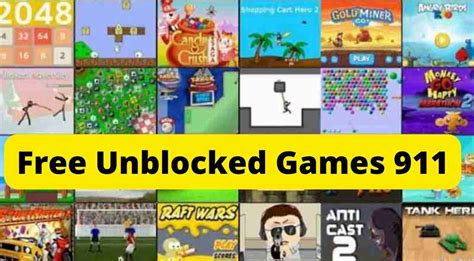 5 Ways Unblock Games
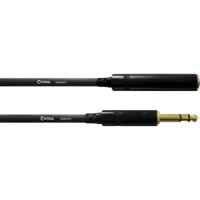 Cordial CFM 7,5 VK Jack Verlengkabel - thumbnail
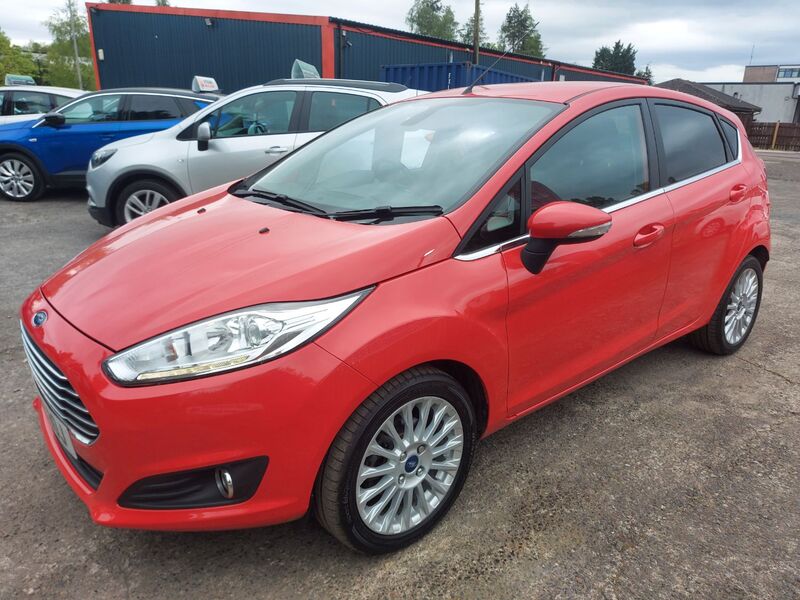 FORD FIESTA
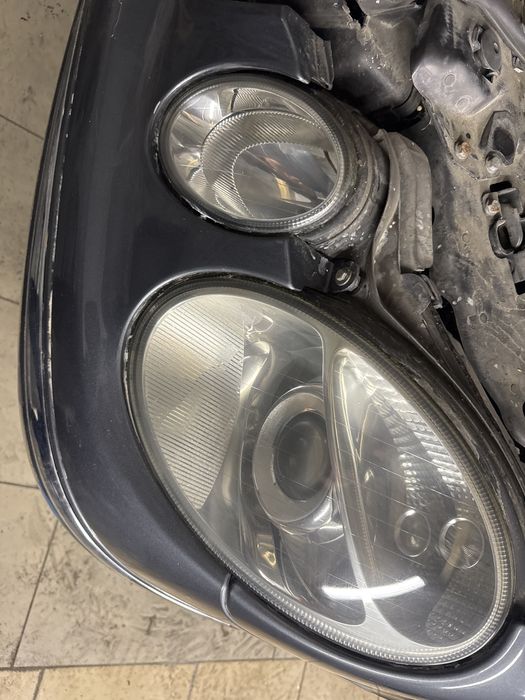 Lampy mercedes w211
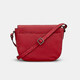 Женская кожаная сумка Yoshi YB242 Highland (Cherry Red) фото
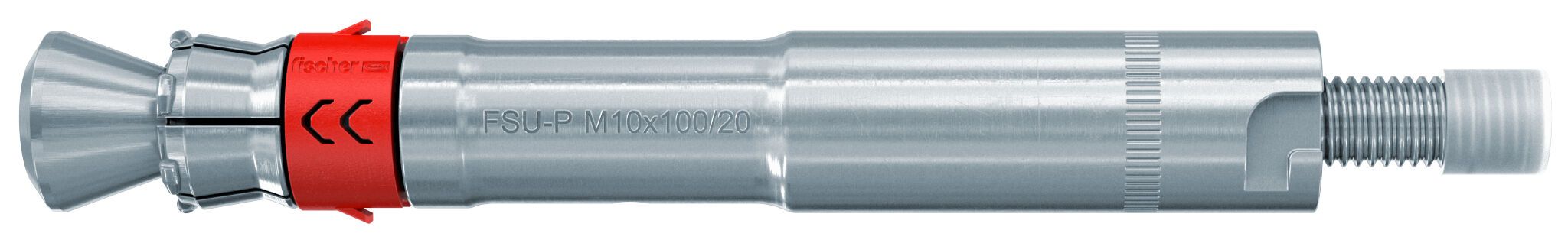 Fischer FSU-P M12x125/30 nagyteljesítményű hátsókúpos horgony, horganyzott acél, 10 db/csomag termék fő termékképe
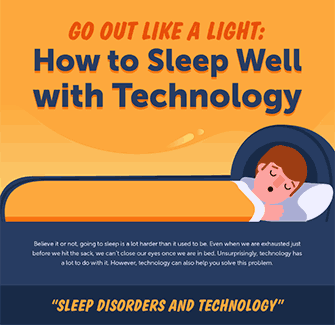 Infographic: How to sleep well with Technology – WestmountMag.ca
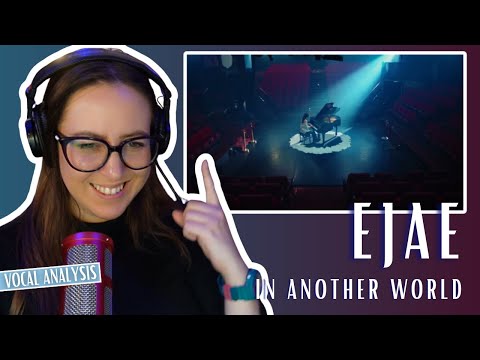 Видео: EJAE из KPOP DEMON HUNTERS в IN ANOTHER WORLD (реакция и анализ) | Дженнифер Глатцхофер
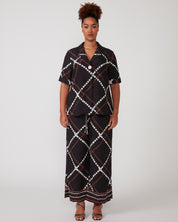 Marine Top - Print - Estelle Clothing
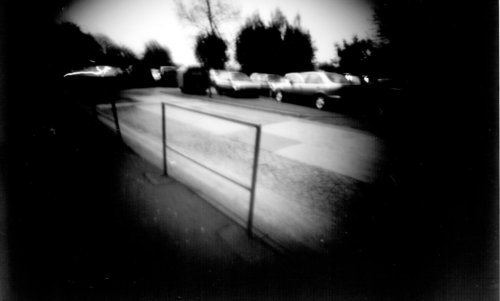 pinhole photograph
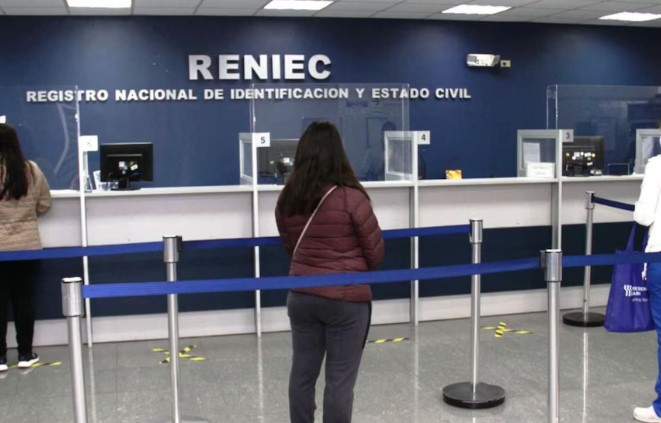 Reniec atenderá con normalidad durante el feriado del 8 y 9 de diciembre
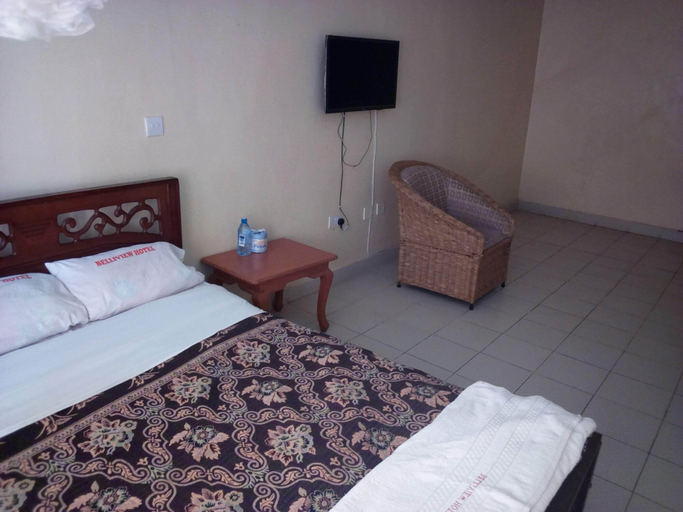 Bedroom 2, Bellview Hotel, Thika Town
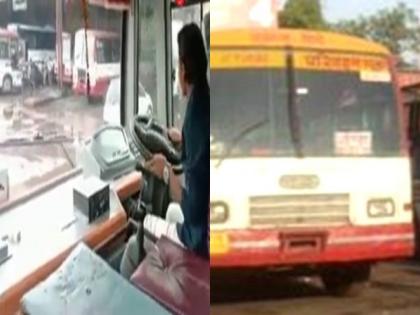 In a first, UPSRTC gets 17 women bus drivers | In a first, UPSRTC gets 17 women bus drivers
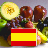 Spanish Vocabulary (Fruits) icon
--
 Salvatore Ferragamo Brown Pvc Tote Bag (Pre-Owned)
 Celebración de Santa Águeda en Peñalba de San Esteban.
==
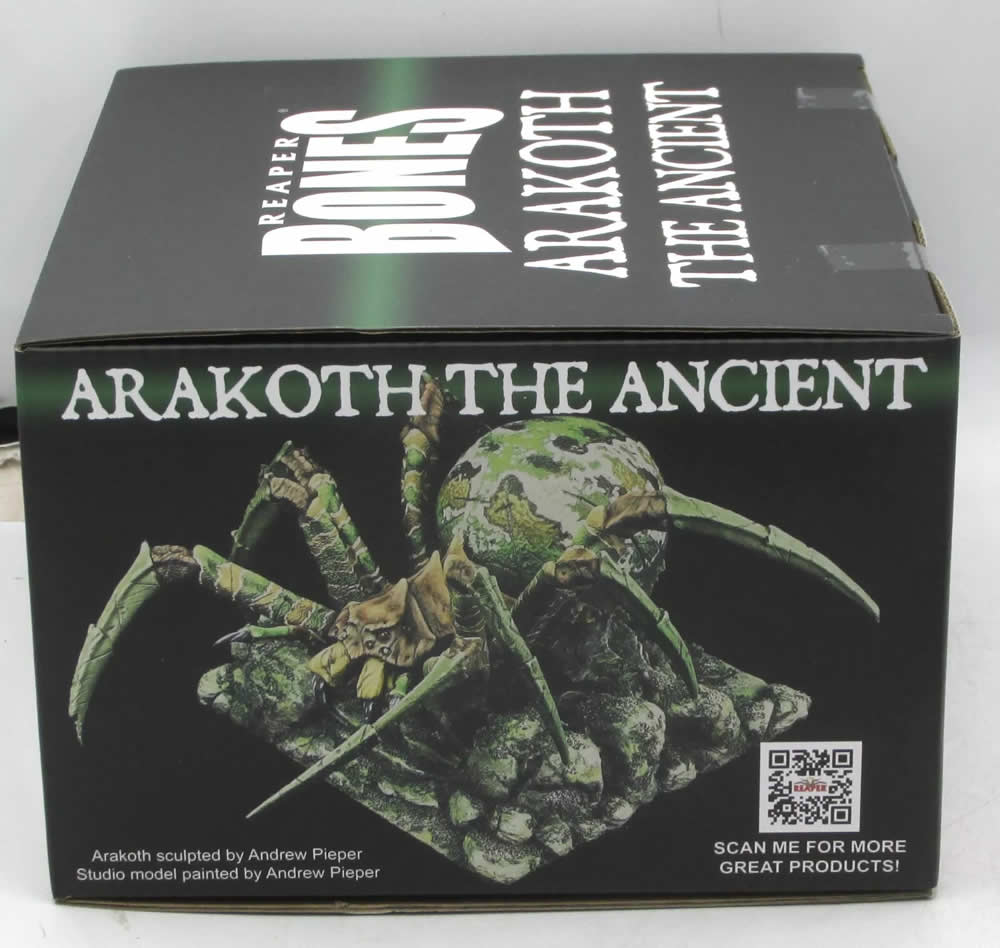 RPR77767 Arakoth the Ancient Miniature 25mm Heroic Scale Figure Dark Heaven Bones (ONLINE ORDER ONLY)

• [Exercise] Start with the line with "pinhole photograph" in the listing above and stop after the line with "Spanish Vocabulary (Fruits) icon". Write out exactly the lines in that stretch and no others, without pictures.

• [Finished exercise]
 pinhole photograph
 Reniec atenderá con normalidad durante el feriado del 8 y 9 de diciembre
 Bedroom 2, Bellview Hotel, Thika Town
 In a first, UPSRTC gets 17 women bus drivers | In a first, UPSRTC gets 17 women bus drivers
 Spanish Vocabulary (Fruits) icon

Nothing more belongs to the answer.